Speech recognition using Sphinx4


  • This tutorial assumes that RAPP API is installed and built
  • This tutorial uses the 0.7.0 version of the C++ API

In this tutorial we are going to recognise the speech from an audio using CMU Sphinx 4, RAPP and CMake.

You have to configure your project in like this tree:

project/
        CMakeLists.txt
        source/
                speech_recognition_sphinx4.cpp
        build/

Source code

We created a project called speech_recognition_sphinx4 with a folder source where we have our example call speech_recognition_sphinx4.cpp. You can see the complete example here.

We are going to initialize the platform information and the service controller, which is in charge of make the cloud calls to the RAPP platform:

rapp::cloud::platform info = {"rapp.ee.auth.gr", "9001", "rapp_token"}; 
rapp::cloud::service_controller ctrl(info);

The callback for this example need vectors of string to save the words that have been recognised and the possible alternatives.

    auto callback = [&](std::vector<std::string> words) { 
            if (words.size() != 0) {
                std::cout << "Words: " << std::endl;
                for (auto each_word : words) {
                    std::cout << each_word << std::endl;
                }
            }
            else {
                std::cout << "No words found" << std::endl;
            }
    };

If we see the documentation of the class rapp::cloud::speech_recognition_sphinx4, we'll see that an audio and its type are necessary.

rapp::object::audio audio("../data/yes-no.wav");
rapp::types::audio_source audio_src = rapp::types::nao_wav_1_ch;

NOTE: audio_source is a enum. You can find the different types of audio in rapp-api/cpp/rapp/objects/globals.hpp

Sphinx4 can use a JSGF input to achieve more accuracy in the recognition. It's an optional input.

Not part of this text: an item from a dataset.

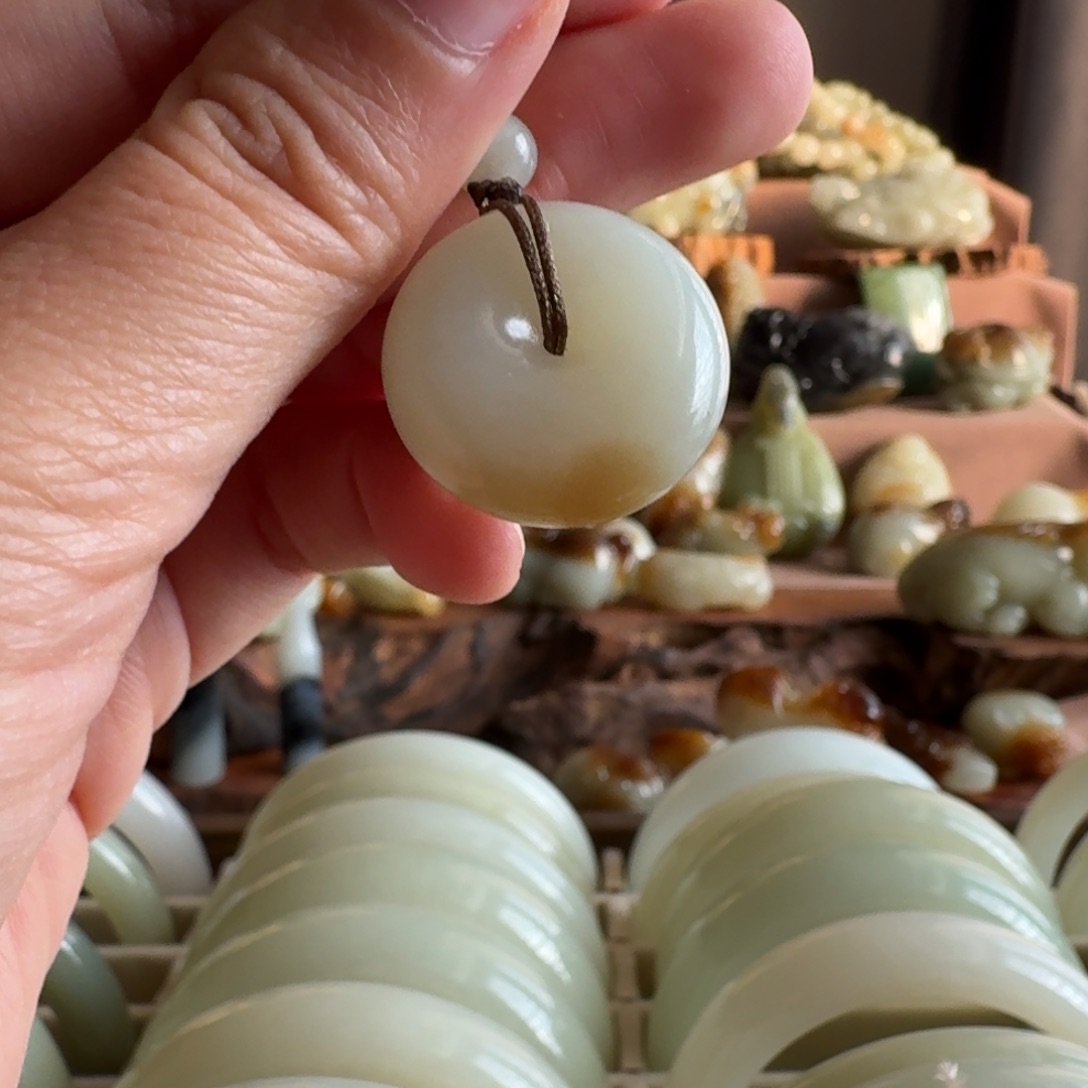 和田玉（糖玉）未镶嵌挂件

std::string jsgf =  "#JSGF V1.0;\r\n\r\n";
            jsgf += "grammar simpleExample; \r\n\r\n";
            jsgf += "public <greet> = Yes | No;\r\n";

Finally, we can make the call to the platform.

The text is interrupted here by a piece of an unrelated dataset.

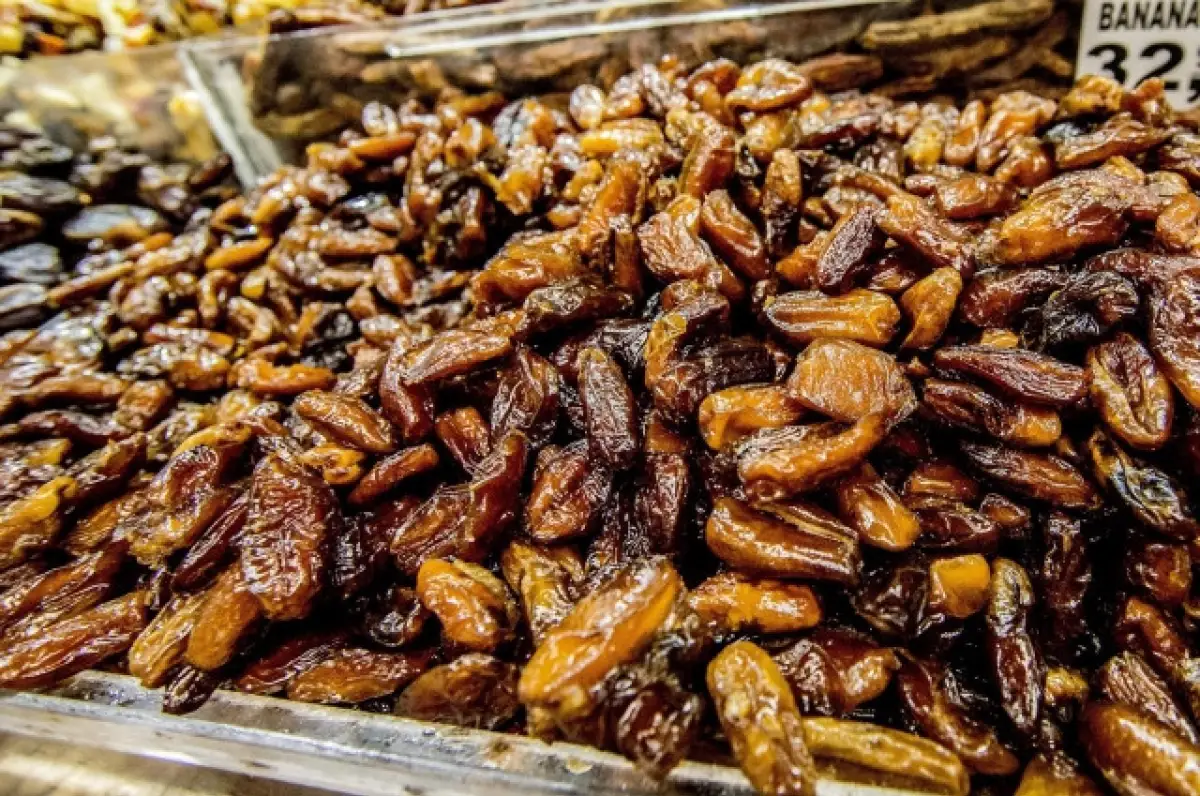 Казахстан импортирует из Ирана полимеры этилена, ананасы, финики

ctrl.make_call<rapp::cloud::speech_recognition_sphinx4>(audio.bytearray(), 
                                                        audio_src, 
                                                        "en",
                                                        std::vector<std::string>({{jsgf}}),
                                                        std::vector<std::string>({"yes", "no"}),
                                                        std::vector<std::string>({""}),
                                                        callback);

Besides the audio and the callback you need to indicate the language, in this case English "en". These are the same inputs as speech recognition using Google. CMU Sphinx allows us to add some parameters to improve the accuracy, like a JSGF, keywords or sentences to find in the audio. All of them are optional inputs.

CMakeLists.txt

In this case it assumes that you have built your RAPP API in the static and shared libraries mode.

We haven't added any new library to do this example, so the CMakeLists.txt is the same that getting_started examples.

You only have to change the name of your source file and the executable.

Build

The next step is about create our build folder and run our code.

Now we are going to work in the terminal.

  1. Go to your project path
  2. Build your project

    mkdir build
    cd build 
    cmake ..
    make
  3. If everything is ok, you will have created your executable speech_recognition_sphinx4 in the folder build.
  4. Run your executable
    ./speech_recognition_sphinx4

Now you can explore and make your own projects!